Making the substitution

\[{u = x + \frac{b}{{2a}},\;\;}\kern0pt{du = dx,}\]

we can obtain one of the following three expressions depending on the signs of \(a\) and \(D:\)

\[{\sqrt {{r^2} – {u^2}} ,\;\;}\kern0pt{\sqrt {{r^2} + {u^2}} ,\;\;}\kern0pt{\sqrt {{u^2} – {r^2}} ,}\]

where \(r = \sqrt {\left| {\large{\frac{D}{{4{a^2}}}}\normalsize} \right|} \gt 0.\)

The integrals of the form

\[{\int {R\left( {u,\sqrt {{r^2} – {u^2}} } \right)du} ,\;\;}\kern0pt{\int {R\left( {u,\sqrt {{r^2} + {u^2}} } \right)du} ,\;\;}\kern0pt{\int {R\left( {u,\sqrt {{u^2} – {r^2}} } \right)du} ,}\]

where \(R\) denotes a rational function, can be evaluated using trigonometric or hyperbolic substitutions.

1. Integrals of the form \({\large\int\normalsize} {R\left( {u,\sqrt {{r^2} – {u^2}} } \right)du} \)

Trigonometric substitution:

\[
{u = r\sin t,\;\;}\kern-0.3pt
{du = r\cos tdt,\;\;}\kern-0.3pt
{\sqrt {{r^2} – {u^2}} = r\cos t,\;\;}\kern-0.3pt
{t = \arcsin \left( {\frac{u}{r}} \right).}
\]

2. Integrals of the form \({\large\int\normalsize} {R\left( {u,\sqrt {{r^2} + {u^2}} } \right)du} \)

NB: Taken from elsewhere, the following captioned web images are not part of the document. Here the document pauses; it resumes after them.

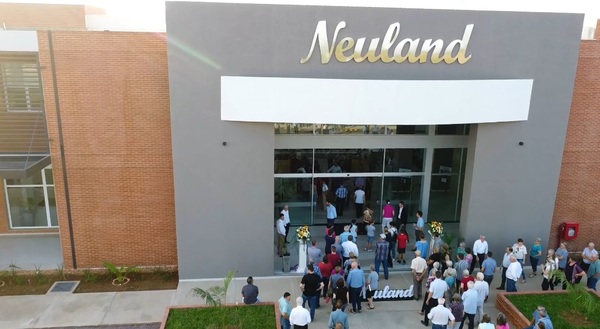 Chaco Avanza revivirá la inauguración de la nueva sede corporativa de la Cooperativa Neuland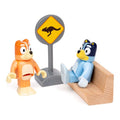 Brio Bluey Train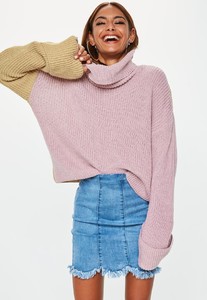 pink-colourblock-roll-neck-turn-back-jumper.jpg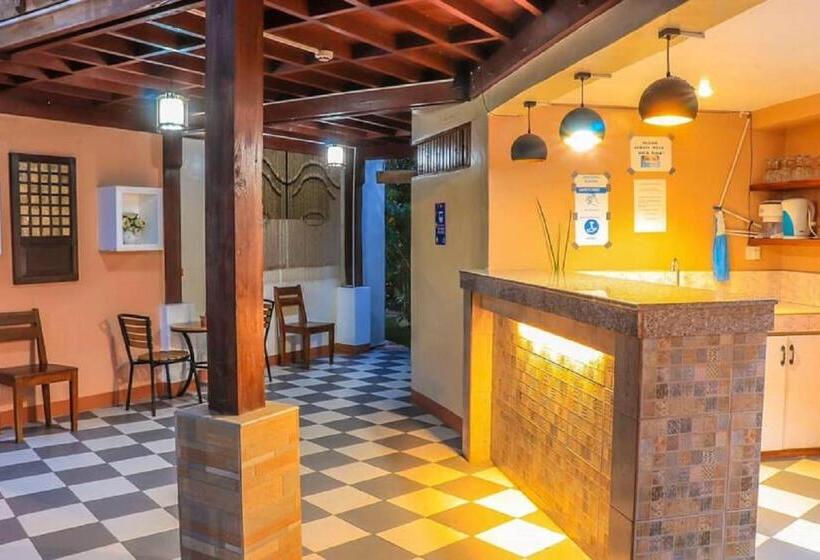 펜션 Ananda Resort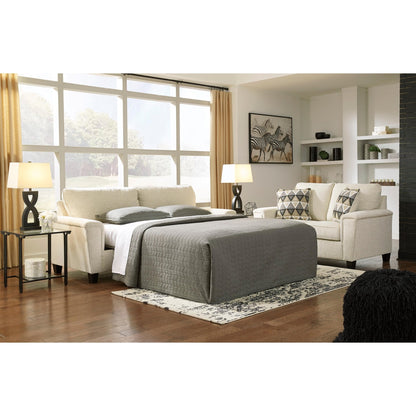 Signature Design by Ashley Abinger 8390439C Queen Sofa Sleeper - American Furniture of Slidell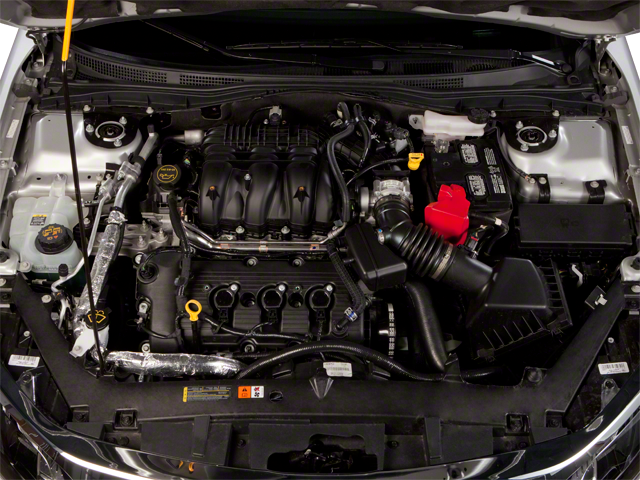 2011 Ford Fusion SPORT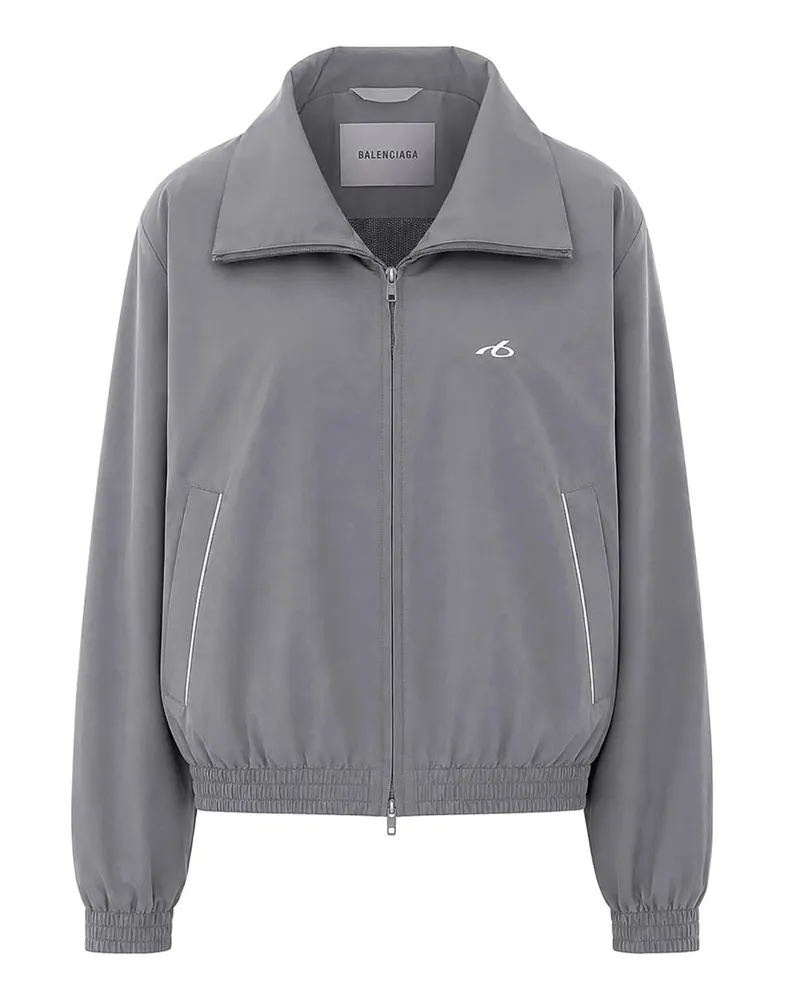 Balenciaga Casualjacke - Grau Grau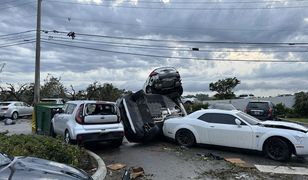Tornado w USA. Do sieci trafiło wstrząsające nagranie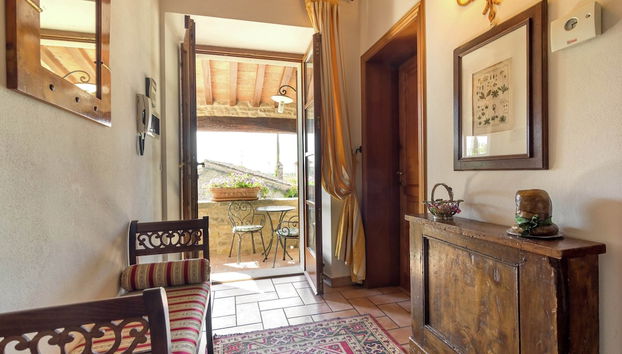 Tuscan Terrace Escape - Foto 3, Recepción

Trigonometric substitution:

\[
{u = r\tan t,\;\;}\kern-0.3pt
{du = r\,{\sec ^2}tdt,\;\;}\kern-0.3pt
{\sqrt {{r^2} + {u^2}} = r\sec t,\;\;}\kern-0.3pt
{t = \arctan \left( {\frac{u}{r}} \right).}
\]

Hyperbolic substitution:

\[
{u = r\sinh t,\;\;}\kern-0.3pt
{du = r\cosh tdt,\;\;}\kern-0.3pt
{\sqrt {{r^2} + {u^2}} = r\cosh t,\;\;}\kern-0.3pt
{t = \text{arcsinh} \left( {\frac{u}{r}} \right).}
\]

3. Integrals of the form \({\large\int\normalsize} {R\left( {u,\sqrt {{u^2} – {r^2}} } \right)du} \)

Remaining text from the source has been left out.